Daj spokój. Na pewno nie jest tak źle – pocieszyłam ją.
Łatwo ci mówić – fuknęła – Nie masz pojęcia jaki on jest, gdy się nudzi. Cały czas mi przeszkadza.
Grzywa wyrwała mi telefon z ręki i powiedziała:
Spokojnie! Już do ciebie idziemy.
Dziesięć minut później byłyśmy u Nutki. Nasze miasto nie jest zbyt duże. To ma swoje zalety.
Ojej! Jesteście aniołami! – wykrzyknęła na nasz widok.
Młodszy brat Nutki siedział na podłodze, otoczony całą masą zabawek.
Cześć, Magnus – powiedziałam – Masz super klocki lego!
Uwielbiam małe dzieci. W większości przypadków.
Zbudujemy coś? – zapytała Grzywa – Może farmę, na której będą mogły mieszkać wszystkie zwierzęta?
Magnus pokręcił głową.
Komisariat policji – dodał.
Zabrałyśmy się więc za budowanie komisariatu.

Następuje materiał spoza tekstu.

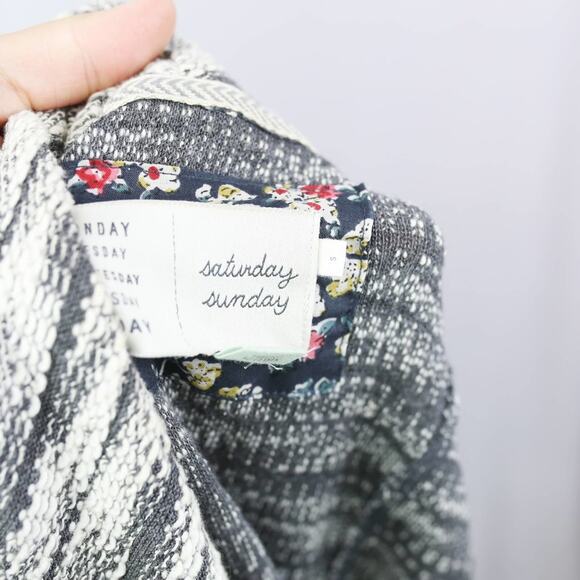 Anthropologie Saturday Sunday Gray White Marled Knit Moto Cardigan Sweater Small - Picture 5 of 5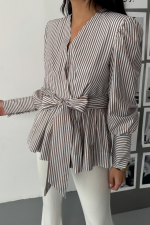 ÇİZGİLİ BAĞLAMA DETAYLI KRUVAZE POPLİN GÖMLEK - Kahverengi - Görsel 2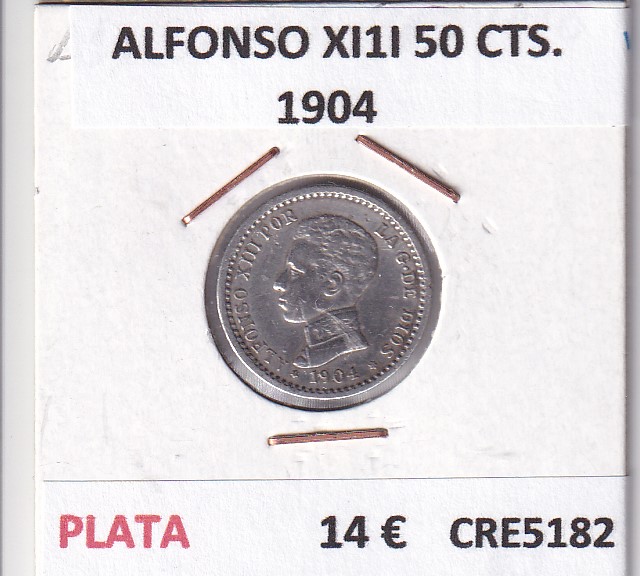 CRE5182 MONEDA ESPAÑA ALFONSO XI1I 50 CENTIMOS 1904 PLATA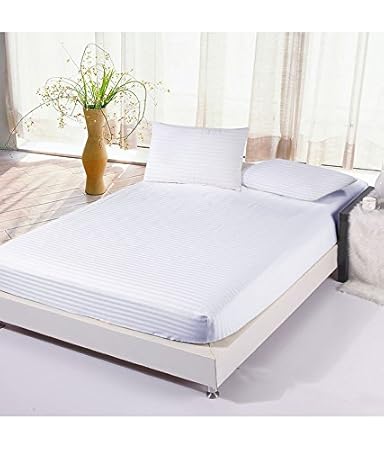 Linenwalas Cotton 310 TC Sateen Stripes Double Bedsheet with 2 Pillow Covers - King Size, White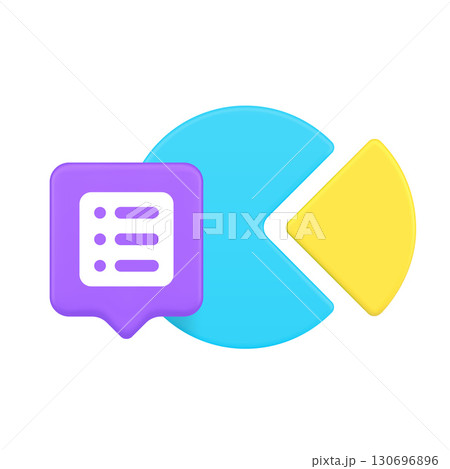 3d Realistic Icon Of Blue Pie Chart And Purple Checklist For Data Analysis And Task Management 130696896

Tymczasem Nutka przyniosła dla nas z kuchni ciasteczka i sok.
Wśród klocków znalazłam figurki lego, ubrane w mundury i czapki policyjne.
A tu są policjanci, którzy mieszkają na komisariacie – powiedziałam.

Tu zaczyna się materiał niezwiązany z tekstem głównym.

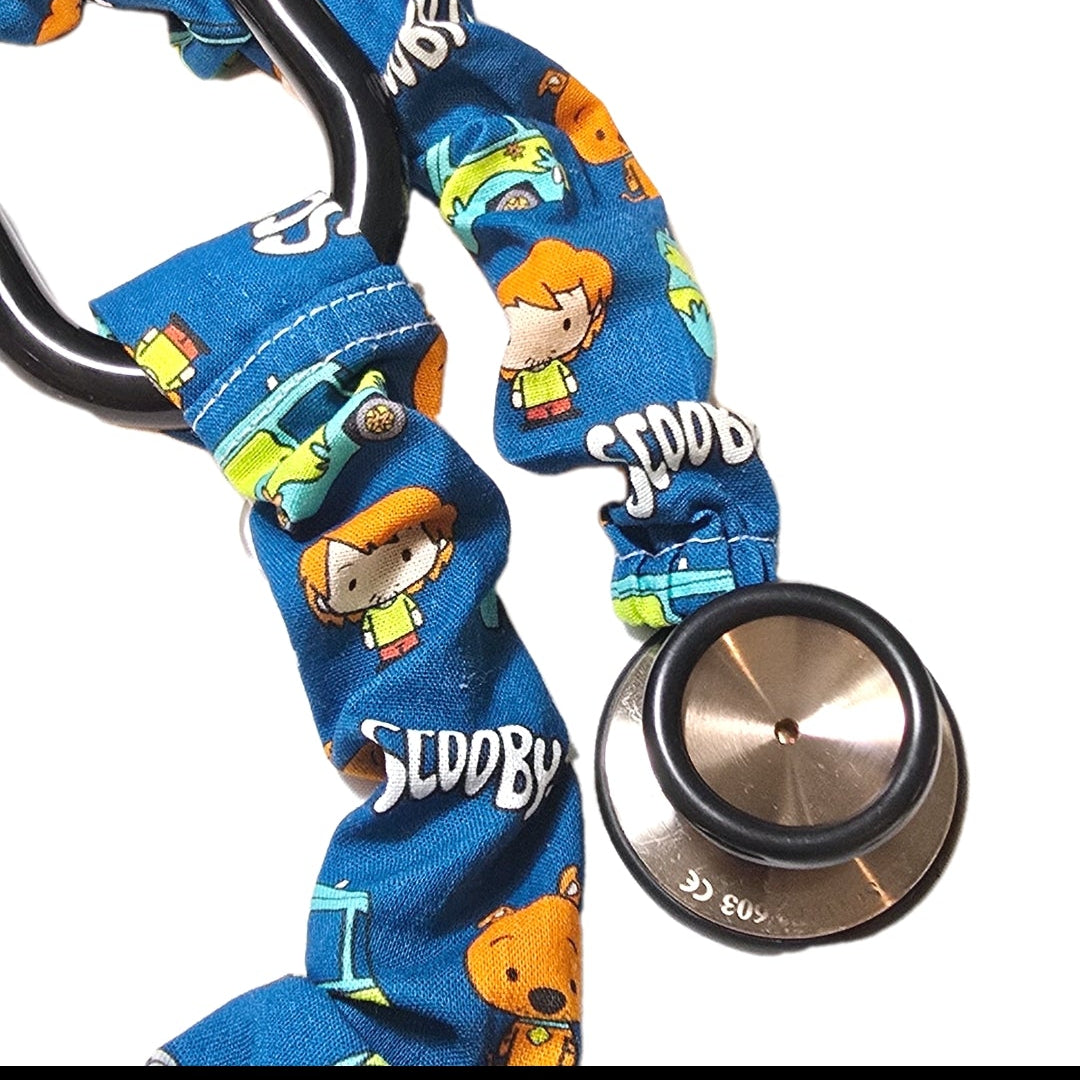 Handmade Colorful Blue Scooby-Doo Stethoscope Sleeve: Washable Colorful Cotton Cover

I bandyci – domagał się – Muszą być bandyci, których ścigają policjanci.
To ostatnio hit – rzuciła Nutka – Niedawno czytaliśmy razem książkę obrazkową o policjancie Prosiaczku, którego zadaniem było złapanie gangu szczurów. Teraz to jego ulubiona książka.